The American Civil Liberties Union sued, and on Saturday, the chief federal trial judge in Washington, D.C., ordered the government not to remove people pursuant to Trump’s proclamation. The government is appealing Judge James Boasberg’s temporary restraining orders, and litigation will proceed in the D.C. federal appeals court this week as the Trump administration seeks to upend them.
But in the meantime, the ACLU told Boasberg in a court filing early Monday that “media reports and publicly available data” suggest that the government defendants “may have violated the Court’s Orders.” The plaintiffs asked the judge to “seek immediate clarification from Defendants, in one or more sworn declarations, about their conduct regarding this Court’s Orders.”

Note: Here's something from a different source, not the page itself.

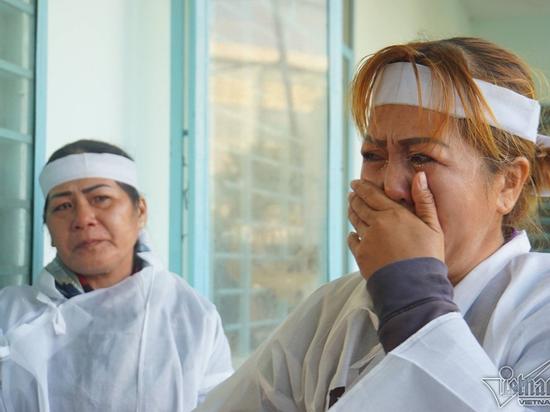 Nha Trang sạt lở: Ông bà bị vùi lấp, cháu kêu khóc không muốn về nhà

The plaintiffs noted that Boasberg had told the government to turn around any planes carrying people pursuant to the proclamation, and they questioned the government’s compliance with that mandate, suggesting that officials had played fast and loose with the judge’s directives. To get to the bottom of the matter, the plaintiffs want sworn declarations from the government on the following points:
1) whether any flight with individuals subject to the Proclamation took off after either the Court’s written or oral Orders were issued;
2) whether any flight with individuals subject to the Proclamation landed after either the Court’s written or oral Orders were issued;
3) whether any flight with individuals subject to the Proclamation was still in the air after either the Court’s written or oral Orders were issued; and
4) whether custody of any individuals subject to the Proclamation was transferred to a foreign country after either the Court’s written or oral Orders were issued.
To be sure, this is not the first case in which opposing parties have questioned the nascent administration’s legal compliance. To take another example in pending litigation, the plaintiffs in the foreign aid funding case that was at the Supreme Court and is back in the trial court are still casting doubt on Trump officials’ compliance there.
As for this latest situation involving flights over the weekend, we could learn soon whether Boasberg himself thinks the government defied his orders. On Monday morning, after the ACLU submitted its filing, he ordered a same-day 5 p.m. ET hearing at which the government “shall be prepared to provide answers” to the questions raised by the plaintiffs.